Ce qui est certain, c'est que l'affirmation de certains gouvernements pro-kosovars selon laquelle le Kosovo serait un cas unique qui ne fournirait aucun précédent à d'autres déclarations d'indépendance est parfaitement mensongère. La Cour ayant conclu qu'aucune règle de droit international n'avait été violée par cette déclaration, il faut par définition arguer – comme le fait la Cour – que le droit international ne contient aucune interdiction générale applicable aux sécessions unilatérales. Celles-ci sont donc autorisées et la sauvegarde de l'intégrité territoriale des Etats est lettre morte. L'arrêt canadien se trouve désormais dans la poubelle de l'histoire.

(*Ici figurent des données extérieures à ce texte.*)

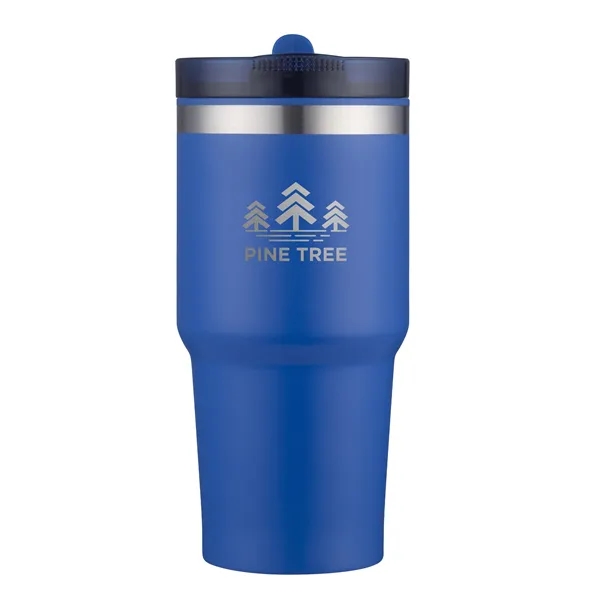 Double wall 20 oz. tumbler with straw.... from ASI 90807 Tekweld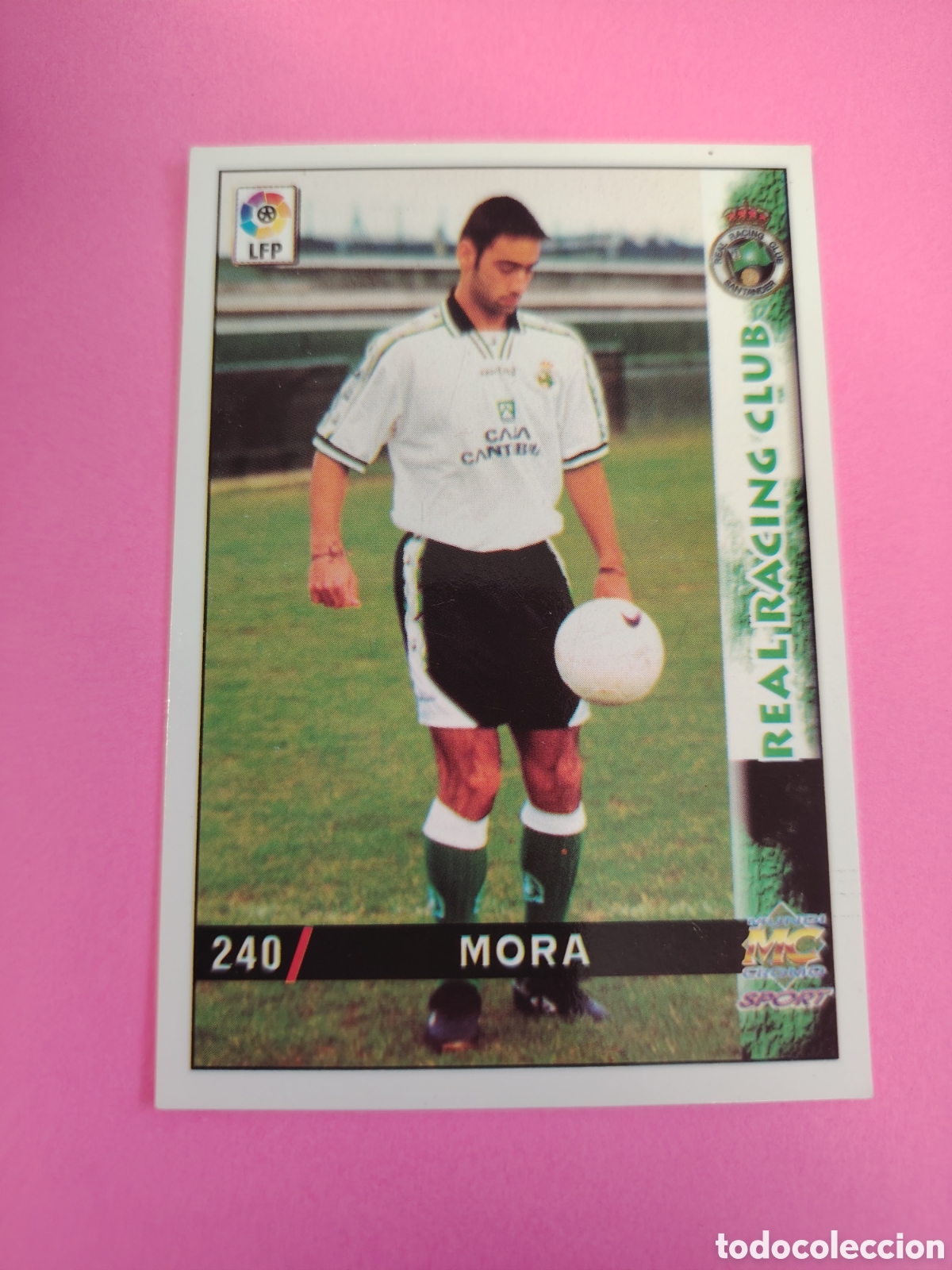 Cromos de f&uacute;tbol: RACING SANTANDER-N&deg;240-MORA-MUNDICROMO FICHAS DE LA LIGA 1998 1999 98 99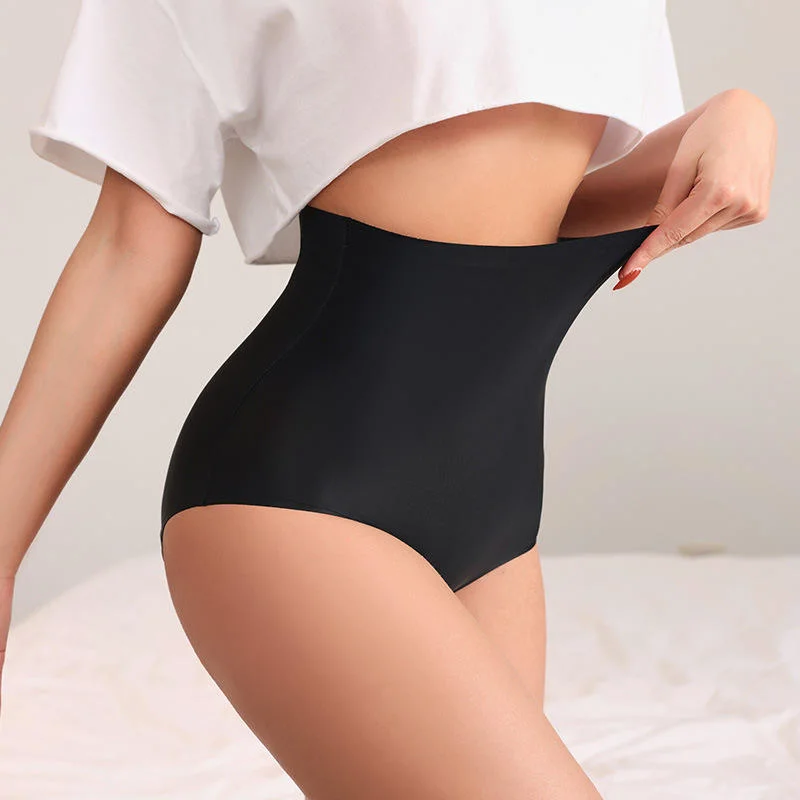 S-Shaper Menstrual Period Underwear for Women High Waist Cotton Postpartum Ladies Briefs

Nous savons depuis la sécession de la Crimée en 2014 quelles sont les conséquences de cet arrêt : il est moralement intenable de soutenir la sécession en 2008 du Kosovo d'un Etat, la Yougoslavie, qui était devenu parfaitement «démocratique» (aux dires de l'Occident) en 2000, mais de condamner la sécession de la Crimée de l'Ukraine putschiste en 2014. Cet arrêt a donc mis le feu aux poudres et nous en voyons maintenant les conséquences au sein même de cette Europe qui, l'Espagne comprise, avait attaqué la Yougoslavie en 1999. Autrement dit : qui sème le vent récolte la tempête.